Lokman Sûresi 6. Ayet

وَمِنَ النَّاسِ مَنْ يَشْتَر۪ي لَهْوَ الْحَد۪يثِ لِيُضِلَّ عَنْ سَب۪يلِ اللّٰهِ بِغَيْرِ عِلْمٍۙ وَيَتَّخِذَهَا هُزُواًۜ اُو۬لٰٓئِكَ لَهُمْ عَذَابٌ مُه۪ينٌ  ...

İnsanlardan öylesi vardır ki, bilgisizce Allah yolundan saptırmak ve o yolu eğlenceye almak için, eğlencelik asılsız ve faydasız sözleri satın alır. İşte onlar için aşağılayıcı bir azap vardır.
 
Sıra Kelime Anlamı Kökü
1 وَمِنَ ve
2 النَّاسِ insanlardan ن و س
3 مَنْ kimi
4 يَشْتَرِي satın alır ش ر ي
5 لَهْوَ boş ل ه و
6 الْحَدِيثِ hadisi (sözü) ح د ث
7 لِيُضِلَّ saptırmak için ض ل ل
8 عَنْ -ndan
9 سَبِيلِ yolu- س ب ل
10 اللَّهِ Allah’ın
11 بِغَيْرِ olmaksızın غ ي ر
12 عِلْمٍ bilgisi ع ل م
13 وَيَتَّخِذَهَا ve onu edinmek için ا خ ذ
14 هُزُوًا alay konusu ه ز ا
15 أُولَٰئِكَ işte
16 لَهُمْ onlara vardır
17 عَذَابٌ bir azab ع ذ ب
18 مُهِينٌ küçük düşürücü ه و ن
 

Dünyada maddî haz ve mutluluktan başka gayeleri olmayan insanlar, başkalarını da bilgisizce Allah’ın yolundan saptırmak, alıkoymak, boş şeylerle uğraşmak maksadıyla akıl ve bilgi temeline dayanmayan anlamsız, içi boş sözlere (veya bir yoruma göre) çalgılı eğlencelere kendilerini kaptırır, hayatın gayesini bunlardan ibaret görür, bunlara para harcar; bunları konuşup bunları dinlerler; Allah’ın hikmetli, anlam yüklü ve dolayısıyla kurtarıcı âyetleri kendilerine okunduğunda ise büyüklenerek bunlara kulak tıkayıp sırt çevirirler. Böylece inançlı ve inkârcı kesimler arasındaki temel bir mantık ve zihniyet farkı ortaya konmaktadır.

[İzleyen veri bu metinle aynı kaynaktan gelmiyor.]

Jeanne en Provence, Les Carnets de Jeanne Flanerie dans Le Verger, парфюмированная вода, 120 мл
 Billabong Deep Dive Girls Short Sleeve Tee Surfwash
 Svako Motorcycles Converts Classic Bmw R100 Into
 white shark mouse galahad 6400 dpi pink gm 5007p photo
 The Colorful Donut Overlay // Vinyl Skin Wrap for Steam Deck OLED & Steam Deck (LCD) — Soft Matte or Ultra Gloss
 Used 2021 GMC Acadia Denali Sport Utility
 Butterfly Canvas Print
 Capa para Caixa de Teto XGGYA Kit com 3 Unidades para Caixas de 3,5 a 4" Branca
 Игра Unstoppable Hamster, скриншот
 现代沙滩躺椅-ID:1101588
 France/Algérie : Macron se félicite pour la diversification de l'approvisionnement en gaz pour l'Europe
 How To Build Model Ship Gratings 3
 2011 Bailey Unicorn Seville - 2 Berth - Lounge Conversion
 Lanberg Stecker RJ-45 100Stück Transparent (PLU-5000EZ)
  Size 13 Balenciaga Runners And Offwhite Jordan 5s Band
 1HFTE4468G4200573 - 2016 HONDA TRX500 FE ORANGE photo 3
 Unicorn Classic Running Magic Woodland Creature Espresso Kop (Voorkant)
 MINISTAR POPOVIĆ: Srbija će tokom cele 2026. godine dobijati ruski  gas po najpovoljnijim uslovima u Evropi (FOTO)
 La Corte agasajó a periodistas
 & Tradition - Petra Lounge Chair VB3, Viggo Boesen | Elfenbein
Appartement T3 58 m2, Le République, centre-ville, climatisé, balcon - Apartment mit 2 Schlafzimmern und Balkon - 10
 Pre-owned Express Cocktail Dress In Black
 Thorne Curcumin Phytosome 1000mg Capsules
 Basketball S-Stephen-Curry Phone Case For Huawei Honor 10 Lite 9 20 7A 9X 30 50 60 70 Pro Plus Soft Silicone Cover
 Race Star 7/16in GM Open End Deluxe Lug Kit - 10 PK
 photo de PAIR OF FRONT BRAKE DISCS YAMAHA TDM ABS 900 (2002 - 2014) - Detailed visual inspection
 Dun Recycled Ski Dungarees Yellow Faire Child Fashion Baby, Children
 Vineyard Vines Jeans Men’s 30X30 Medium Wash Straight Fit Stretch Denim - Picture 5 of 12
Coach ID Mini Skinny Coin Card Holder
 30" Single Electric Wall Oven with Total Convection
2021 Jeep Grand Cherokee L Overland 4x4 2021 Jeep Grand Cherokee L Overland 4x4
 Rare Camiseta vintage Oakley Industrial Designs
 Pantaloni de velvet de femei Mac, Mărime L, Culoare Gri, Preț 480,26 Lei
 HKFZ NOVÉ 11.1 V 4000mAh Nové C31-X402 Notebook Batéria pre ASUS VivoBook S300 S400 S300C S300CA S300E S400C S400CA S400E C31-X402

Eğlendirici söz” diye çevirdiğimiz 6. âyetteki lehve’l-hadîs deyimi klasik tefsirlerin çoğunda mûsiki olarak açıklanmış ve bazı tefsirlerde bu âyete dayanılarak şarkı söylemenin, çalgı çalmanın, dinlemenin, bu işin ticaretini yapmanın haram olduğu ileri sürülmüştür. Ancak bu deyimin şirk inancı içeren sözler veya daha genel olarak insanlar için herhangi bir fayda getirmeyen boş ve lüzumsuz konuşmalar olduğu yolunda görüşler de zikredilmektedir (bu görüşler için bk. Taberî, XXI, 60-63). İmam Mâlik bir soru üzerine âyetteki “Allah yolundan saptırmak için” ifadesine dayanarak, “Eğer (müzik) insanı Allah’a karşı görevlerinden alıkoyuyorsa haramdır” demiştir (Kurtubî, XIV, 54). Kurtubî mûsikinin haram olduğu yolunda aktarılan bazı rivayetleri sıraladıktan sonra ünlü fıkıh bilgini Ebû Bekir İbnü’l-Arabî’ye (bk. Ahkâmü’l-Kur’ân, III, 1494) dayanarak kendi görüşünü özetle şöyle belirtir: İnsanların kötü duygularını tahrik eden, haramları öven şarkıların haram olduğu açıktır; ancak bu tür sakıncalar taşımayan mûsiki bayram, düğün gibi sevinçli ve mutlu zamanlarda veya dinlenmeye ve rahatlamaya ihtiyaç duyulduğu durumlarda câizdir (XIV, 55-56).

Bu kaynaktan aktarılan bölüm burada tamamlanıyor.